In the ranks of SaiPa and HC Ässät, "Andy" played in Finland for 10 seasons and he holds the record for most games played as a foreign goaltender in the Liiga, the highest level league in Finland, with 216 regular season games played. Bernard speaks fluent Finnish. He is a one-time Italian champion.

He has played with the Italian national team in 10 IIHF World Championships.

==Career==
===HC Ässät Pori (2015–2019)===
For the 2015–2016 season, Bernard moved to HC Ässät Pori on a one-year contract. In late October 2015, the club signed a one-year extension with Bernard. During the season, he became the HC Ässät's first-choice goaltender due to Ari Ahonen's injury and played 43 games in the regular season, saving four shutouts. In the 2016–2017 season, Bernard continued as HC Ässät's starting goalie and made another four shutouts in the regular season. In December 2016, Bernard signed a two-year extension with the team.
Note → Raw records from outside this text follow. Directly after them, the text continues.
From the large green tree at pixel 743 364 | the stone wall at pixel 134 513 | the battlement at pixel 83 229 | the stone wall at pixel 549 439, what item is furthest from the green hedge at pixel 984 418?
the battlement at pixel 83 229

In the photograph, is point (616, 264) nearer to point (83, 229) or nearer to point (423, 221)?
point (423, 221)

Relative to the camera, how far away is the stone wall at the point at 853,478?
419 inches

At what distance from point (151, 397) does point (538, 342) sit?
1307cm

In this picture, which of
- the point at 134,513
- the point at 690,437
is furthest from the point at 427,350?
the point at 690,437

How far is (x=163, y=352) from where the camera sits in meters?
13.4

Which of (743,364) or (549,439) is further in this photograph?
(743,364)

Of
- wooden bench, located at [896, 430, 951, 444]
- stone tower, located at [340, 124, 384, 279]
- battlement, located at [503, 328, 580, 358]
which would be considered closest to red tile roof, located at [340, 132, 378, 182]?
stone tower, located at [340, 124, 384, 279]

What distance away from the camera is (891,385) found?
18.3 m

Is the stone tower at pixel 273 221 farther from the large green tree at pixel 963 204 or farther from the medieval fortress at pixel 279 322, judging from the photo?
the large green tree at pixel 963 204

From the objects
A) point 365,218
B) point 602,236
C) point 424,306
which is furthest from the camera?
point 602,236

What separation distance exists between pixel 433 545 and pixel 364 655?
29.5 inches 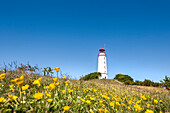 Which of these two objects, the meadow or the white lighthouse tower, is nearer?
the meadow

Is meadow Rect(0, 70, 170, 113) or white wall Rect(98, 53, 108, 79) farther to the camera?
white wall Rect(98, 53, 108, 79)

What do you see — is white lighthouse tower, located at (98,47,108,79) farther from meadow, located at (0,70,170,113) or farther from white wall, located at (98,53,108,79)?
meadow, located at (0,70,170,113)

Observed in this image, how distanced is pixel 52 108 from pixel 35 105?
33cm

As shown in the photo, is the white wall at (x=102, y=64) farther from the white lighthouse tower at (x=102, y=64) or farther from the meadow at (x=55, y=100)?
the meadow at (x=55, y=100)

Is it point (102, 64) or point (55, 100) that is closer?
point (55, 100)

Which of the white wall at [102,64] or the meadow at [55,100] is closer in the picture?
the meadow at [55,100]

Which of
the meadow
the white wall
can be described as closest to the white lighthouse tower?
the white wall

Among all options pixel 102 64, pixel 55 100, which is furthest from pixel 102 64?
pixel 55 100

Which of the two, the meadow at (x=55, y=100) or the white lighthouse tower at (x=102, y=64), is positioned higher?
the white lighthouse tower at (x=102, y=64)

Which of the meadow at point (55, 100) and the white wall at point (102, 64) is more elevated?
the white wall at point (102, 64)

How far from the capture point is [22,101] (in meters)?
2.37

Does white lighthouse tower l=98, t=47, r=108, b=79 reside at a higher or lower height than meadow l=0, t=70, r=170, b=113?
higher

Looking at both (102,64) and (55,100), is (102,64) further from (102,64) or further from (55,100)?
(55,100)

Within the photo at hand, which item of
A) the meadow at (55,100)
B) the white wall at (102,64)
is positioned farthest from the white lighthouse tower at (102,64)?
the meadow at (55,100) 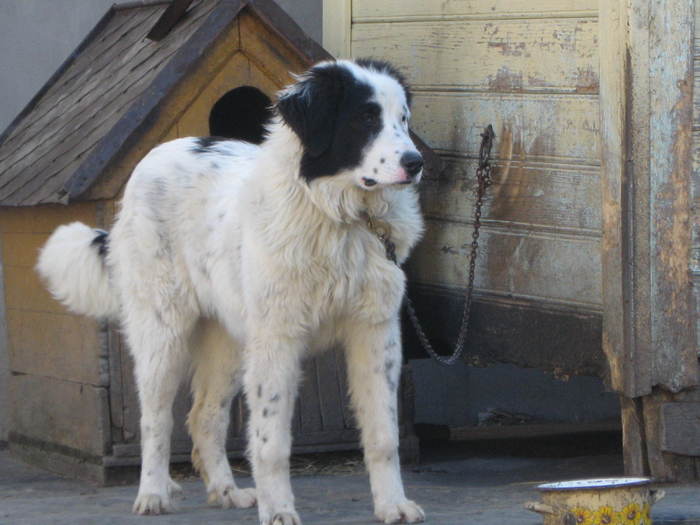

In the 2017–2018 regular season, Bernard won the most games (21) in the regular season alongside Jussi Olkinuora of JYP Jyväskylä. In the 2018–2019 season, on 16 October 2018, against Helsingfors IFK, he played his 190th regular season game of his league career, which tied Scott Langkow's record for the most regular season games played by a foreign goalie in the Finnish Liiga. In February 2019, on the eve of the transfer deadline, he moved to Adler Mannheim of the German DEL on a contract covering the rest of the season, when the Ässät were last in the league table. However, Bernard did not receive any playing time for the team. In the playoffs, he was no longer part of Adler's lineup and was left as the third goalkeeper to Dennis Endras and Chet Pickard. Bernard was therefore not officially part of the team that won the German championship at the end of the season.